Plaque unveiled to Clash frontman and west London boy Joe Strummer

'He would be flattered, but probably play it down and have some funny quip about it'

Monday, 12th December 2016 — By Alina Polianskaya

p3_Strummer_Gaby Salter, Murad Qureshi, Crispin Chetwynd and Robert Gordon McHarg

Gaby Salter, Murad Qureshi, Crispin Chetwynd and Robert Gordon McHarg with the plaque to musician and wordsmith Strummer, below (PHOTO: JKATAJAM FROM FI)

p3_Joe Strummer_credit jkatajam from fi

FRIENDS and family of Joe Strummer unveiled a plaque outside one of his former squats, fixing an unlikely corner of north Westminster as an “integral part of the birth of punk rock”.

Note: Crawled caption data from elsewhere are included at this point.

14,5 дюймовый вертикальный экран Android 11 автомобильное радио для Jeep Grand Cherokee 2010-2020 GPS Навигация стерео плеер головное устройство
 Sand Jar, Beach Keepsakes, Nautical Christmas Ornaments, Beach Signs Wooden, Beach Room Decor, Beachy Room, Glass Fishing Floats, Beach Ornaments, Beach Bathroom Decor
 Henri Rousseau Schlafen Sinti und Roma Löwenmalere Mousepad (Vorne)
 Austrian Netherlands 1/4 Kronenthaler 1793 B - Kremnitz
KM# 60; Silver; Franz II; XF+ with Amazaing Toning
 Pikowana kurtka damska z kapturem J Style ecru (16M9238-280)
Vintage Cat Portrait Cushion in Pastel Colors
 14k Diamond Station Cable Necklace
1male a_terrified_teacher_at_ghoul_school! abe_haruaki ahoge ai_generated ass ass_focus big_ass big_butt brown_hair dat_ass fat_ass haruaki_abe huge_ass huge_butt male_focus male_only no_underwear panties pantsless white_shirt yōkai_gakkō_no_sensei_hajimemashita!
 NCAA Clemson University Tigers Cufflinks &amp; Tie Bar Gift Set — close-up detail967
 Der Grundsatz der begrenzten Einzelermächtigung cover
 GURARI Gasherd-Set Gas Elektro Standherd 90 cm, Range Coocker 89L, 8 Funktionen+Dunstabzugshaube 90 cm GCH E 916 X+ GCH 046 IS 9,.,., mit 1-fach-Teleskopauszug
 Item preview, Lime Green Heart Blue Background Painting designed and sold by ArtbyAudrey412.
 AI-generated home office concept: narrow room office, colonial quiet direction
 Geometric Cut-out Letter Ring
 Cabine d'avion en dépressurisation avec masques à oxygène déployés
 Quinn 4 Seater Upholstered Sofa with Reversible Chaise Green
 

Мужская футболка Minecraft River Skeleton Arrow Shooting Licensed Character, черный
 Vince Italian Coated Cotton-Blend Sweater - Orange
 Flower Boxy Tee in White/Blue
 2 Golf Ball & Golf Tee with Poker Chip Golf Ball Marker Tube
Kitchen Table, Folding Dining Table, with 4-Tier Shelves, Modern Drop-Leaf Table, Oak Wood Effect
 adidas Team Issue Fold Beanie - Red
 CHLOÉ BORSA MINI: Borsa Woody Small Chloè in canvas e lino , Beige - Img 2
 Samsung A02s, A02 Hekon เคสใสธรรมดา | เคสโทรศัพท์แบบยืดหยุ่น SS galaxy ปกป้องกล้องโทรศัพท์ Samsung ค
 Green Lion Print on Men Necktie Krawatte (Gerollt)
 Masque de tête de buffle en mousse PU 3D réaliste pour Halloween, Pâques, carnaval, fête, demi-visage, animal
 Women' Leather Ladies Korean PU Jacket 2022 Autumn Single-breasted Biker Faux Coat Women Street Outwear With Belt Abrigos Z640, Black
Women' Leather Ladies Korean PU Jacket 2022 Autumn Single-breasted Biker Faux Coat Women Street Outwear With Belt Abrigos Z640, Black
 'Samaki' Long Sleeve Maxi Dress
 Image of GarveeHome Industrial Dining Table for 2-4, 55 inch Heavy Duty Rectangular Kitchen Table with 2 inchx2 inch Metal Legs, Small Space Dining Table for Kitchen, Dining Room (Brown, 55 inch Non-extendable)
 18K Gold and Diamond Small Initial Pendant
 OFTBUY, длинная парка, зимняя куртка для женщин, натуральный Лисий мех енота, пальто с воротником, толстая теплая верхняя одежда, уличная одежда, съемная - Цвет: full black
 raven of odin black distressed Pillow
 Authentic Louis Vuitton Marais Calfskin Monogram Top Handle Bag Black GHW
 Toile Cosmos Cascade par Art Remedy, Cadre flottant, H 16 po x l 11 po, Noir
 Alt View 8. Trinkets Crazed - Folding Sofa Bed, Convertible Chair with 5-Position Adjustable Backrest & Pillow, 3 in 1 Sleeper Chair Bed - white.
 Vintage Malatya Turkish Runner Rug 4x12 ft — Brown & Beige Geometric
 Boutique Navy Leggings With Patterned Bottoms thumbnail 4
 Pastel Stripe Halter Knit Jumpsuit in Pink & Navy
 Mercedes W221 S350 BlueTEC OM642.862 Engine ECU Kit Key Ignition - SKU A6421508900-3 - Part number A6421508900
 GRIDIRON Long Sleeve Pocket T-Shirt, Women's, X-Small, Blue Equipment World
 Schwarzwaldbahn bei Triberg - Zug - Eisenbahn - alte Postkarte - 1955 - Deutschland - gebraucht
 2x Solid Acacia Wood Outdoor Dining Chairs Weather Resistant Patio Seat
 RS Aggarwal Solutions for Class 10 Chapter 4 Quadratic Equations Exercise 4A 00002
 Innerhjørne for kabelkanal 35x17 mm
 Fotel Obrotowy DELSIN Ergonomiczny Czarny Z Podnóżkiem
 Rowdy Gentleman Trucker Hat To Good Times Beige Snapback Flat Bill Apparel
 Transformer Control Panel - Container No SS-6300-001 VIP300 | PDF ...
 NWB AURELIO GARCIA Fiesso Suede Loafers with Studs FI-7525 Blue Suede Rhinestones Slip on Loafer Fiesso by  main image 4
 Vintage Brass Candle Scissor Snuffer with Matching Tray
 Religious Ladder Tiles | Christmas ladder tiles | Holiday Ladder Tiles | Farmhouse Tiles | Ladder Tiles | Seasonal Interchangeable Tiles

The Clash frontman was described as “warm”, “witty” and a “creative” artist at the event outside the building in Daventry Street, Lisson Grove.

The building – where he lived during the height of his fame – is currently run by the Seymour Housing Co-operative, ensuring genuinely affordable rents for people on low or uncertain ­incomes. Strummer’s former wife, Lucinda, said: “I just think Joe would be overwhelmed to have this recognised, and just so happy that the spirit of squatting is still alive. What was his squat is now a co-operative which has enabled people to live in this area, to be supported and to contribute to a community, which otherwise they wouldn’t have been able to do, as house prices are just ridiculous.”

She added: “He would be so happy that it is a co-op. I think it is so important as prices go so high that everyone creative moves out and you just lose the heart and soul of the city. “

The co-op funded the plaque, at the centre of an area that has a little-known but important musical history.

Friend and fellow musician Gaz Mayall said: “He would be flattered, but probably play it down and have some funny quip about it… but he would be appreciative of it. He was a brilliant person… so down to earth, amusing, witty, creative.”

Mr Mayall, who runs a nightclub, added: “It is nice that they have acknowledged the place that he squatted at the height of The Clash’s fame. They were selling out stadiums all around the world and yet he was still living in a squat here. He always was a west London boy and it all happened around here. This is an integral part of the birth of punk rock, this whole tiny area around here. Half of the Sex Pistols lived in Bell Street, Joe lived here, Malcolm McLaren had his offices just around the corner. It wasn’t just about King’s Road, it was a lot about west London really.”

Others in attendance included his former partner Gaby who was with Joe when they lived in Daventry Street, the new night czar Amy Lamé, and former Assembly Member Murad Qureshi, who also lives in the co-op.

Mr Qureshi said: “We know The Slits were formed along Daventry Street, when Malcolm McLaren was managing the Sex Pistols he was doing it from Bell Street. There are people here who know all this but it has not been put in the folklore of London and I think it is important to do it.”

Strummer’s biographer Chris Saleweicz said: “I thought this was a really moving event. It reminds me of the spirit you would always have around Joe, at his house. There would always be a similar group of people, and a fabulous energy… low key, but slightly profound, and that’s what this was.”